The place to start is by looking at the fundamental characteristics of the portfolio returns. Here we are not such much concerned with risk, as measured by the second moment, the standard deviation. Instead, we now want to consider the third and forth moments of the distribution, the skewness and kurtosis.

Comparing the two distributions below, we can see that the distribution on the left, with negative skew, has nonzero probability associated with events in the extreme left of the distribution, which in this context, we would associate with negative returns. The distribution on the right, with positive skew, is likewise “heavy-tailed”; but in this case the tail “risk” is associated with large, positive returns. That’s the kind of risk most investors can live with.

Source: Wikipedia

A more direct measure of tail risk is kurtosis, literally, “heavy tailed-ness”, indicating a propensity for extreme events to occur. Again, the shape of the distribution matters: a heavy tail in the right hand portion of the distribution is fine; a heavy tail on the left (indicating the likelihood of large, negative returns) is a no-no.
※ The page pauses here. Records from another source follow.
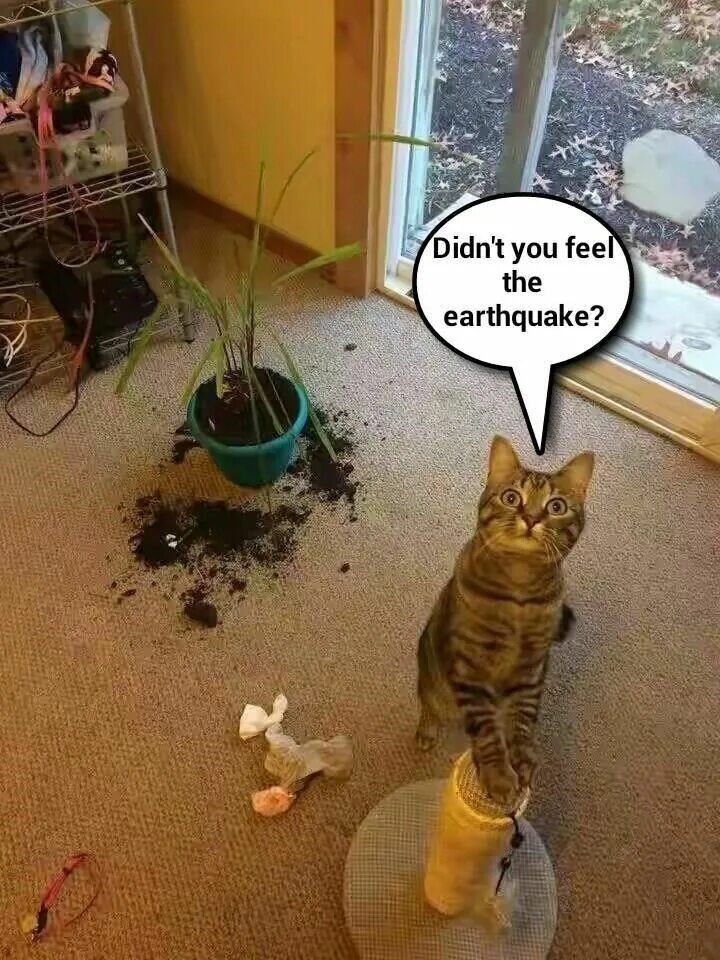 Such a mess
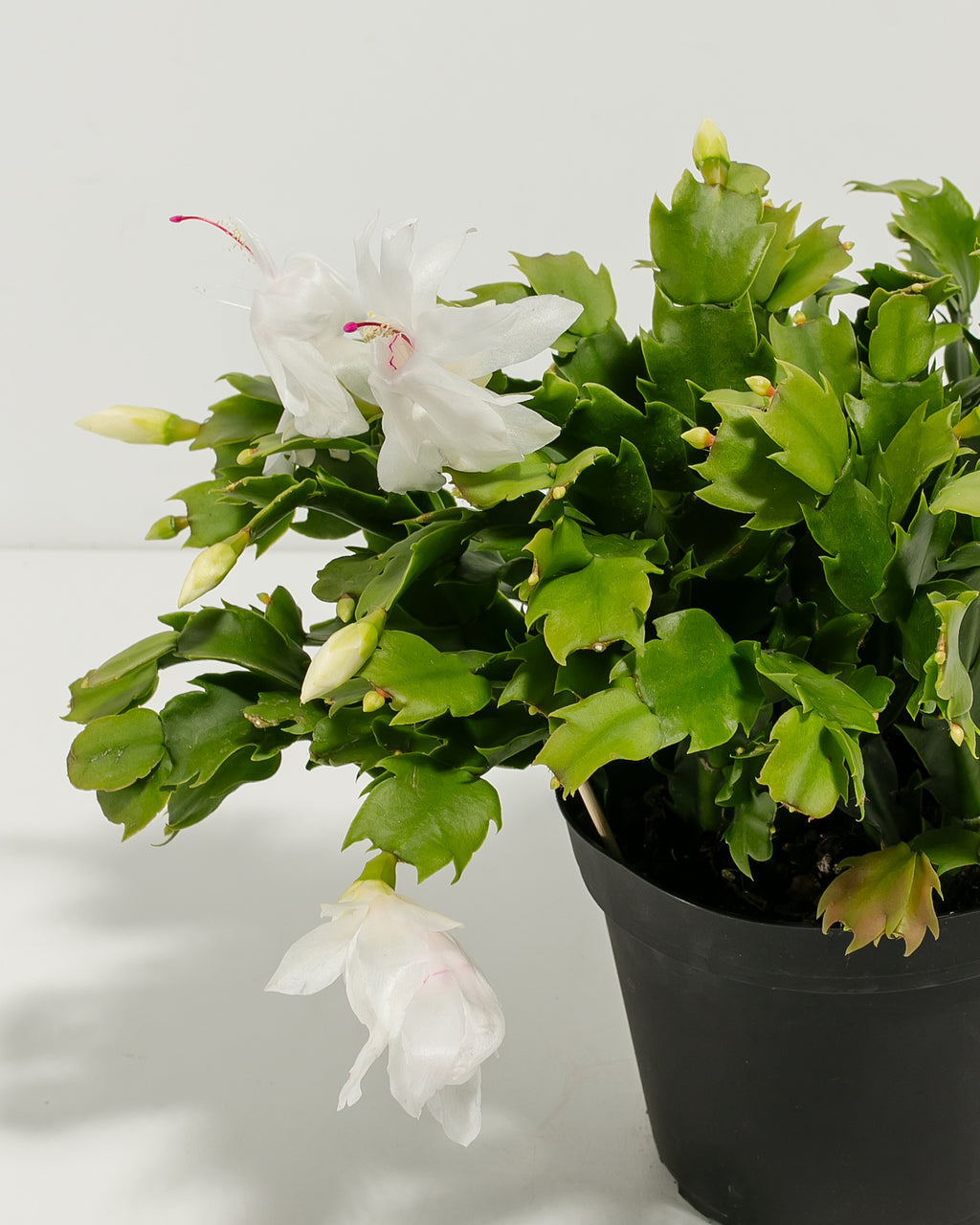 White Christmas Cactus Holiday Plants Lively Root White Christmas Cactus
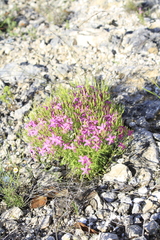 Zeltnera beyrichii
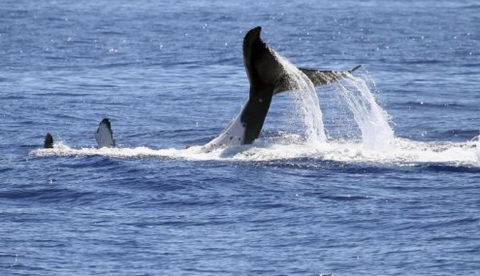 Australian Whale Watching - Timeshare Accommodation 3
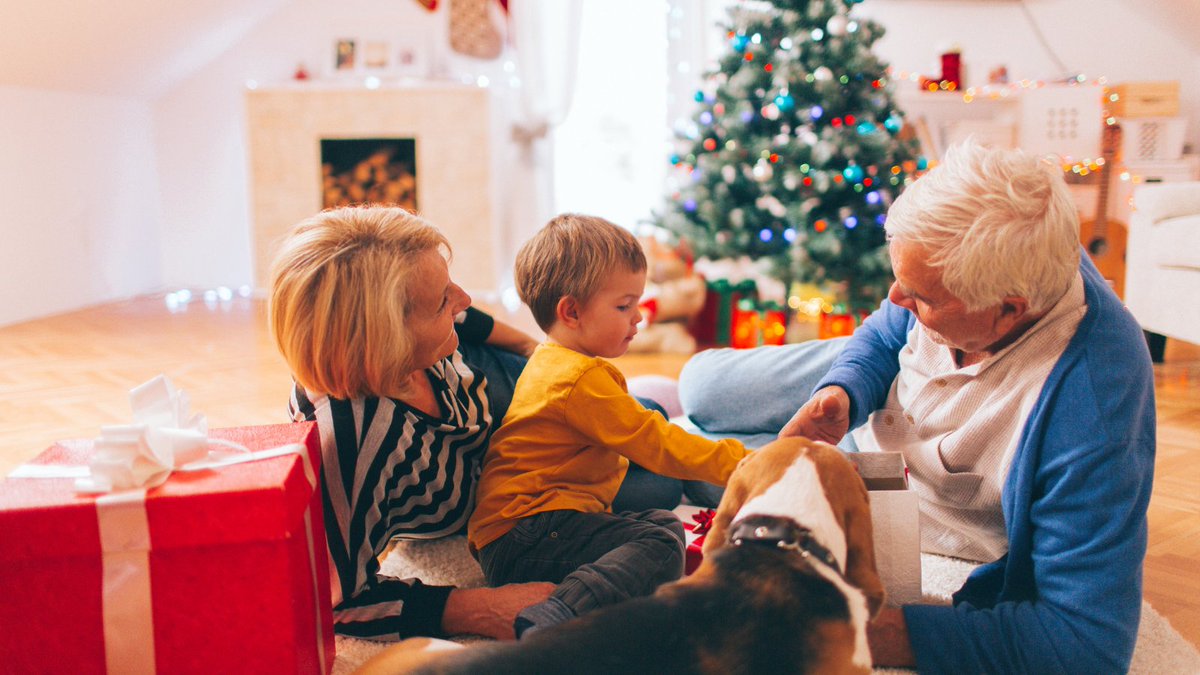 We have lots of great gifts for the home &amp; garden 🎁🎄
View Christmas gifts: 👉bit.ly/32ufiqM
#christmasgifts #housewares #diy #gardeners #homelovers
Let’s take a look at the distribution of returns for the Strategic Volatility Strategy. As you can see, the distribution is very positively skewed, with a very heavy right hand tail. In other words, the strategy has a tendency to produce extremely positive returns. That’s the kind of tail risk investors prefer.

Another way to evaluate tail risk is to examine directly the performance of the strategy during extreme market conditions, when the market makes a major move up or down. Since we are using a volatility strategy as an example, let’s take a look at how it performs on days when the VIX index moves up or down by more than 5%. As you can see from the chart below, by and large the strategy returns on such days tend to be positive and, furthermore, occasionally the strategy produces exceptionally high returns.

The property of producing higher returns to the upside and lower losses to the downside (or, in this case, a tendency to produce positive returns in major market moves in either direction) is known as positive convexity.

Positive convexity, more typically found in fixed income portfolios, is a highly desirable feature, of course. How can it be achieved? Those familiar with options will recognize the convexity feature as being similar to the concept of option Gamma and indeed, one way to produce such a payoff is buy adding options to the investment mix: put options to give positive convexity to the downside, call options to provide positive convexity to the upside (or using a combination of both, i.e. a straddle).

In this case we achieve positive convexity, not by incorporating options, but through a judicious choice of leveraged ETFs, both equity and volatility, for example, the ProShares UltraPro S&P500 ETF (NYSEArca:UPRO) and the ProShares Ultra VIX Short-Term Futures ETN (NYSEArca:UVXY).

Putting It All Together

While we have talked through the various concepts in creating a risk-protected portfolio one-at-a-time, in practice we use nonlinear optimization techniques to construct a portfolio that incorporates all of the desired characteristics simultaneously. This can be a lengthy and tedious procedure, involving lots of trial and error. And it cannot be emphasized enough how important the choice of the investment universe is from the outset. In this case, for instance, it would likely be pointless to target an overall positively convex portfolio without including one or more leveraged ETFs in the investment mix.

Let’s see how it turned out in the case of the Strategic Volatility Strategy.

Note that, while the portfolio Information Ratio is moderate (just above 3), the Sortino Ratio is consistently very high, averaging in excess of 7. In large part that is due to the exceptionally low downside risk, which at 1.36% is less than half the standard deviation (which is itself quite low at 3.3%). It is no surprise that the maximum drawdown over the period from 2012 amounts to less than 1%.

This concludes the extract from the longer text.